**Your assignment:**
Copy the data that follows exactly. Include no pictures.

**Source material:**
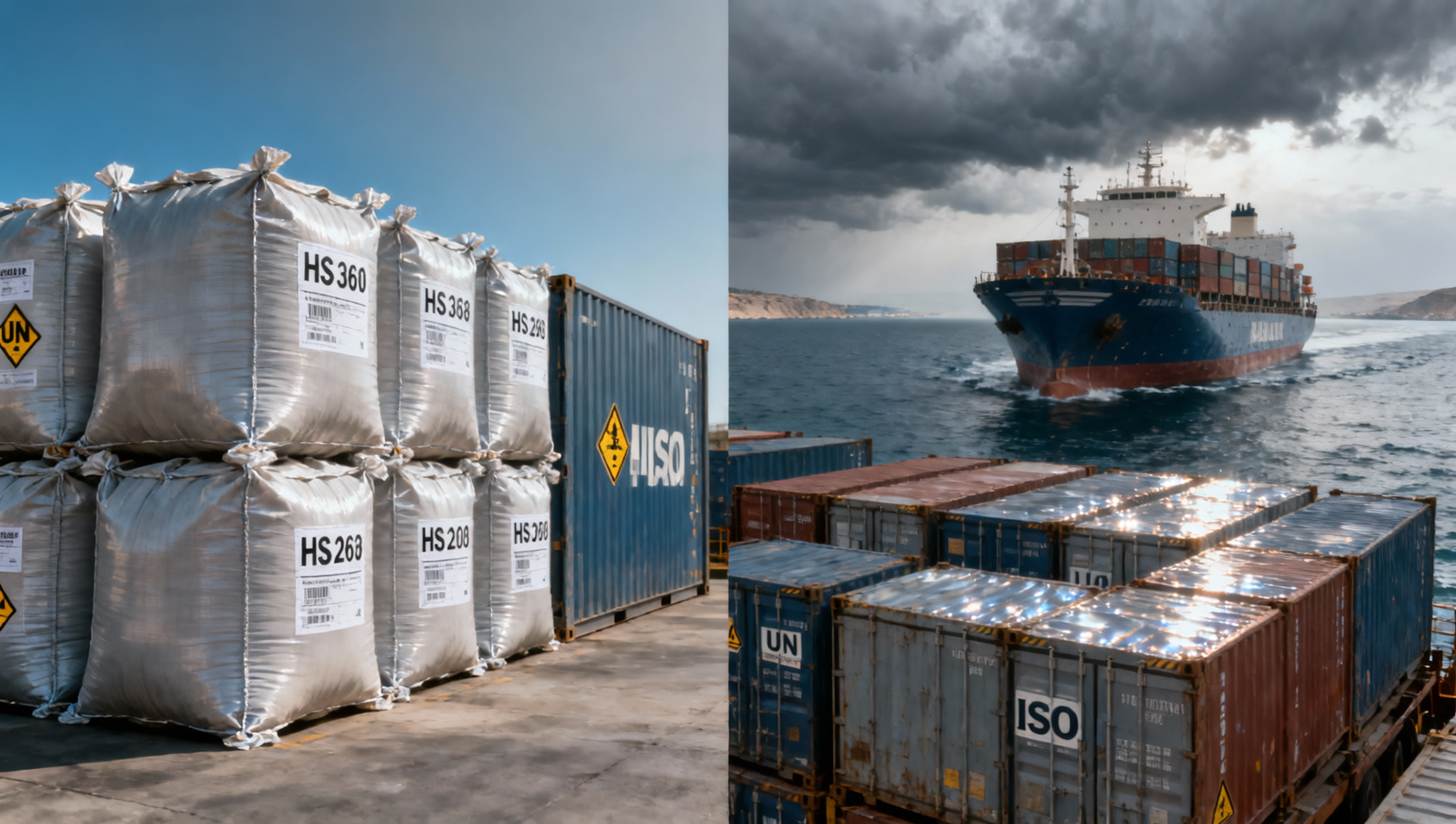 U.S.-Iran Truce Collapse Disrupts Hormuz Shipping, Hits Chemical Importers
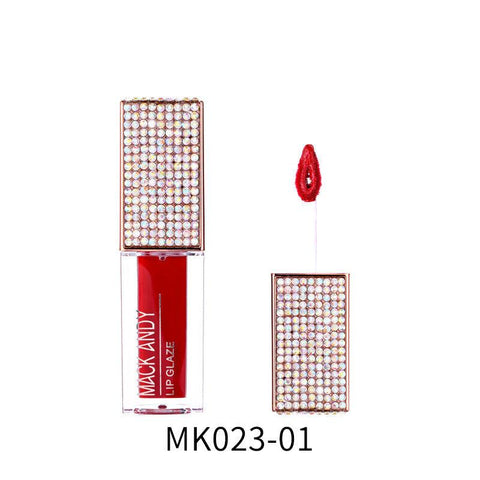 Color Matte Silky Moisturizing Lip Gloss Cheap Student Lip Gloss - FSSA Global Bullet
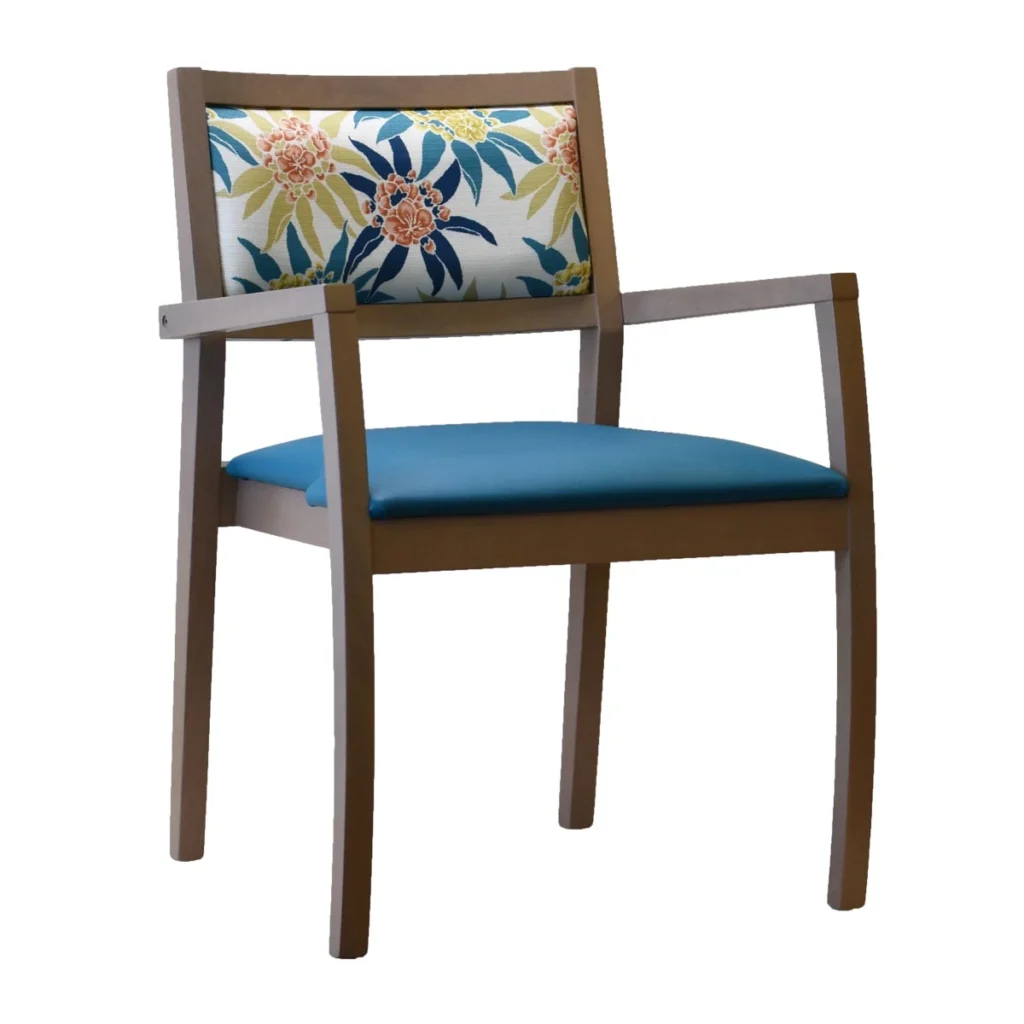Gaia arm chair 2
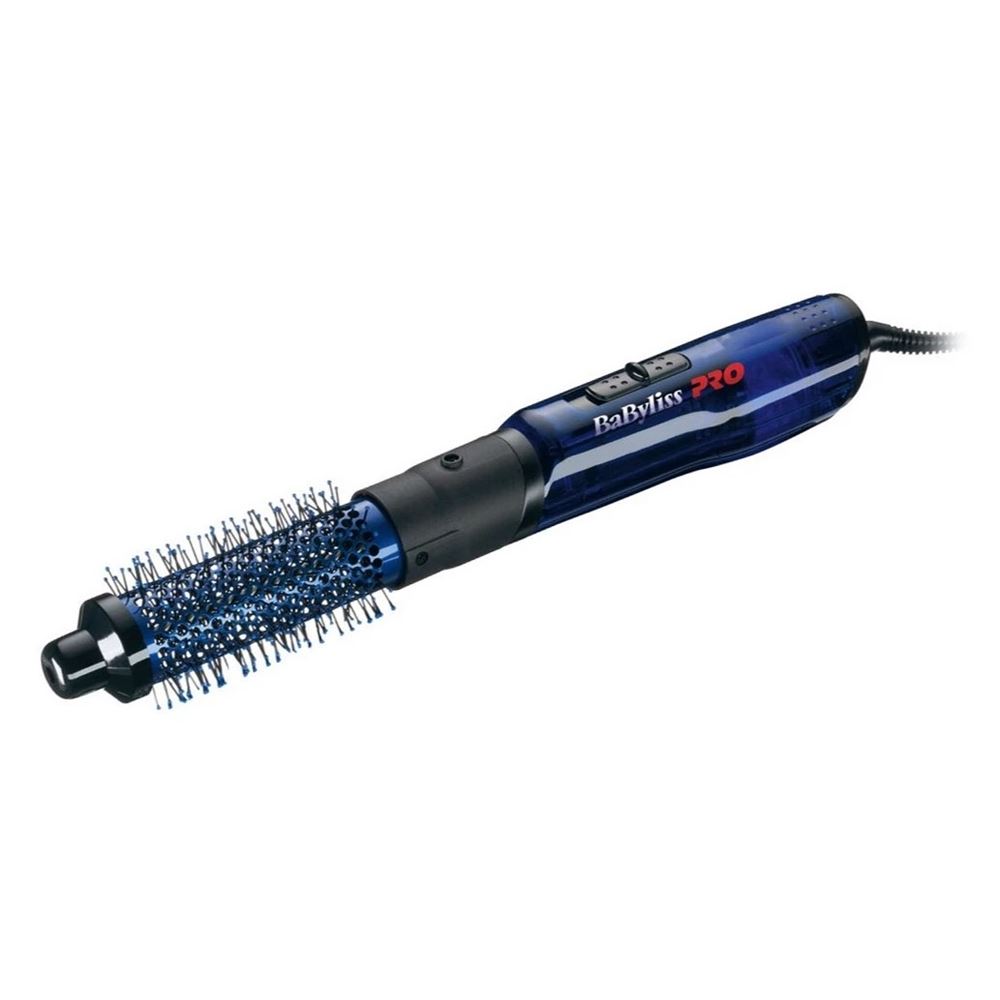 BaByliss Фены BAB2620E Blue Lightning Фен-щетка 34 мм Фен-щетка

**Task result:**
 U.S.-Iran Truce Collapse Disrupts Hormuz Shipping, Hits Chemical Importers
 Color Matte Silky Moisturizing Lip Gloss Cheap Student Lip Gloss - FSSA Global Bullet
Gaia arm chair 2
 BaByliss Фены BAB2620E Blue Lightning Фен-щетка 34 мм Фен-щетка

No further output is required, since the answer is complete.